* **Exercise details**
Output each line of the data below exactly, omitting any image.

* **Material provided**
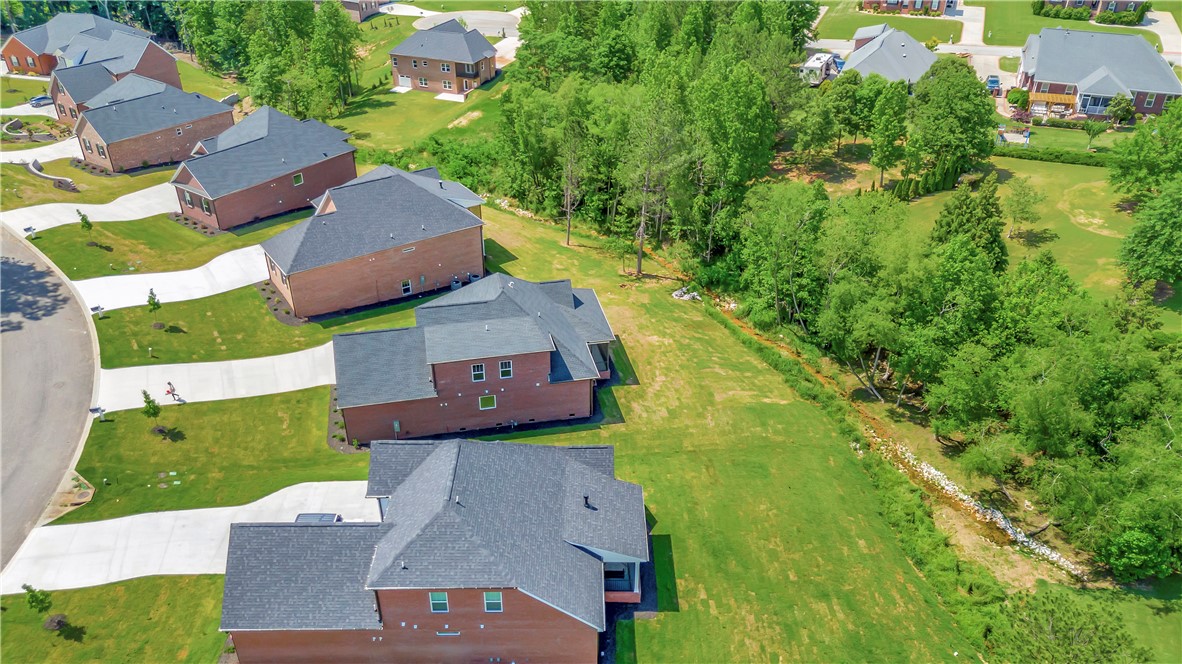 118 Bonaire Point Anderson, SC 29621 - Photo 14 of 23 This elevated view showcases new homes amidst lush greenery and winding pathways.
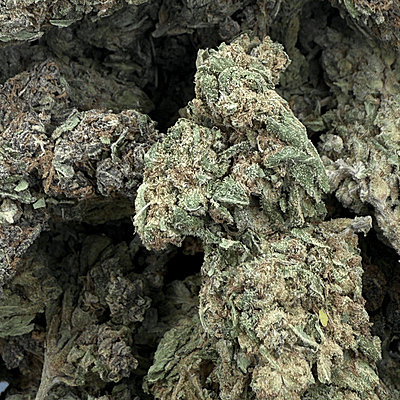 Moby Dick Greenhouse Exotic Orgánica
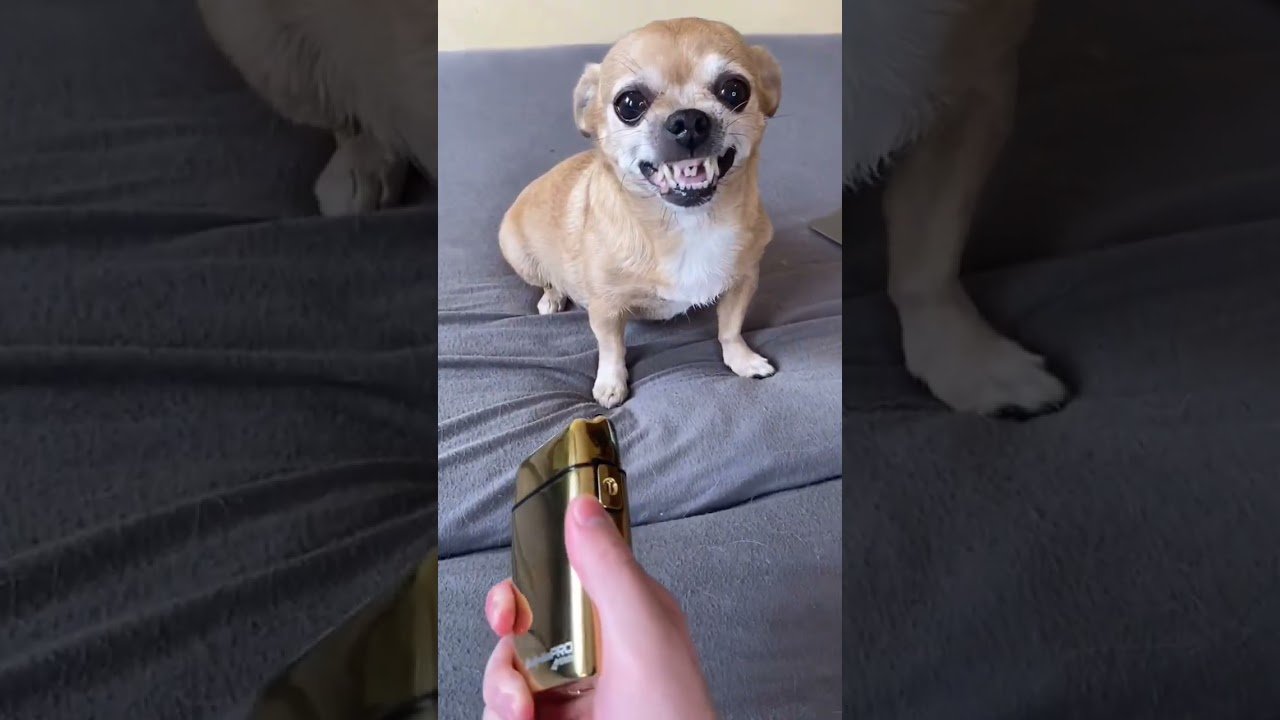 My Dog is Smarter than Husky and Chihuahua 🔥😍 post thumbnail image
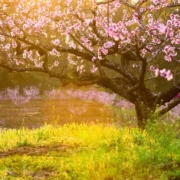 peach tree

* **Answer box**
 118 Bonaire Point Anderson, SC 29621 - Photo 14 of 23 This elevated view showcases new homes amidst lush greenery and winding pathways.
 Moby Dick Greenhouse Exotic Orgánica
 My Dog is Smarter than Husky and Chihuahua 🔥😍 post thumbnail image
 peach tree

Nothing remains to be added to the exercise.